“How are you, Haskell? By the way, Crowley, I called on you to-day at the office; sorry not to find you in.”

“Mrs. Roberts, allow me?” And he wheeled one of the easy chairs to the spot where that lady was standing.

“How well he enters into the thing,” said Gracie Dennis to herself, looking on in admiration at this young man, who, still so young, was adapting himself to circumstances that might well have embarrassed older heads than his. He plunged into talk with the boys, making them answer questions. He had come but a few moments before from Mark Calkins', stopped there with a message from Dr. Everett; and these boys knew Mark and Sallie and the worthless father, and all the more or less worthless neighbors who ran in and out, and young Ried had a dozen questions to ask. His quick-wittedness, and the ease with which he made talk to these young men who lived in such an utterly different world from himself, surprised his hostess very much.

Even she did not know to what an exalted pitch his enthusiasm and excitement reached; though he had flashed a pair of most appreciative eyes on her when she gave him her invitation for the evening. Here was actually his sister Ester's darling scheme being worked out before his eyes! Not only that, but he was being called upon to help. Ester had wanted him to grow up to undertake just such efforts as these; and only last week they had seemed to him so altogether good and noble and so impossible to try. Yet here he was helping try them! No wonder Alfred Ried could talk.

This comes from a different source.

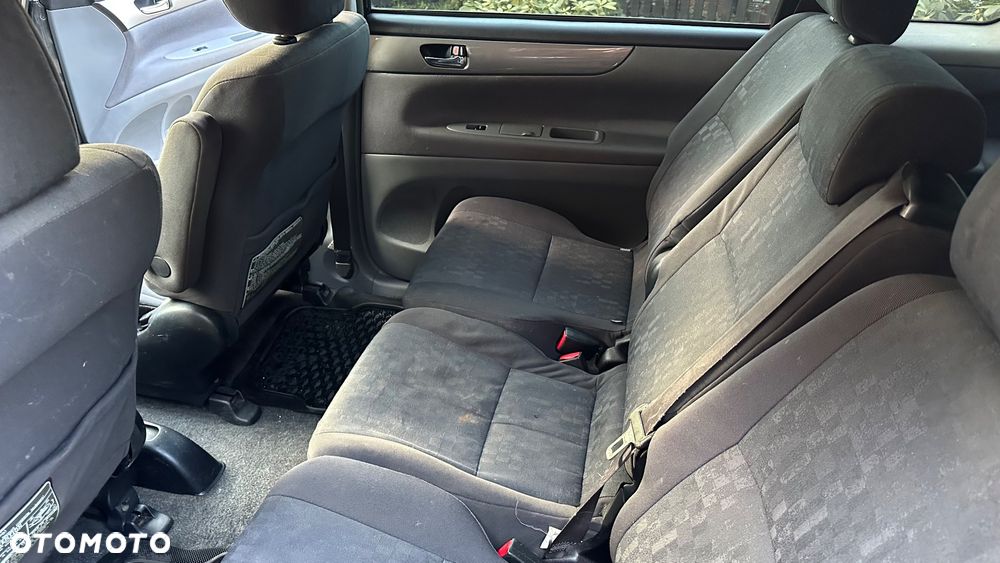 Toyota Avensis Verso - 13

It had been determined in family council that Mr. Roberts must absent himself. He was in the house, indeed—no further away than the library, ready for call in event of an emergency; but it was judged that another stranger, and such a formidable one as the head of the house, must be avoided for this one evening. As for Mr. Ried, would they remember that he was not much older than some of them, and that he was not a rich young man living on his income, but was earning his living by daily work? and would they note the contrast between themselves and him? This was what their hostess wondered. A few moments and then came a summons to the dining-room. Seated at last, though one of the poor fellows stumbled over a chair, and barely saved himself from falling.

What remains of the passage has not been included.